Mozilla has bolstered the security of the Firefox browser's private browsing mode by adding a new feature called Tracking Protection.
If you've ever wanted to keep your browser history and cookies (bits of information downloaded by websites) away from prying eyes, you'll have likely used Private Browsing mode (known as Incognito in Google's Chrome browser) in the past.
Private Browsing Mode deletes your personal information when you close the browser window. However, according to Mozilla, it can't stop you unknowingly sharing your personal information with third parties that are separate to the site you're visiting.
Part of the latest version of Firefox (v42), Tracking Protection changes that by going one step further and blocking content like ads, analytics trackers and social share buttons that may monitor your behaviour across sites without telling you.

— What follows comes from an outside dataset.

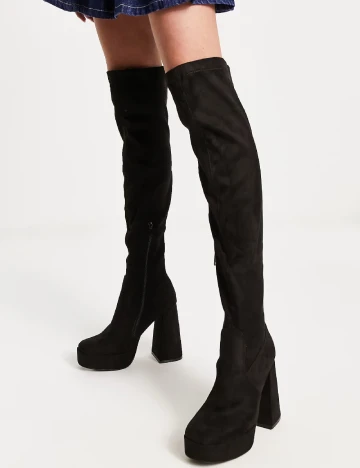Cizme PrettyLittleThing, negru Negru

In a YouTube video, Nick Nguyen, VP of Firefox, noted that some websites may load quicker with tracking protection enabled, and adverts containing trackers won't be displayed — which may mess-up the layout of certain websites.
To indicate when trackers are being blocked, Firefox displays a shield in the new Firefox Control Centre, which places security and privacy controls in the address bar. It can be used to turn off Tracking Protection while keeping traditional Private Browsing mode active.
Mozilla reckons that it makes Firefox the only browser out there to give you control over the data that third parties receives from you online. So, sorry, Chrome, Safari, Edge and Internet Explorer users: third parties are apparently still collecting your delicious data.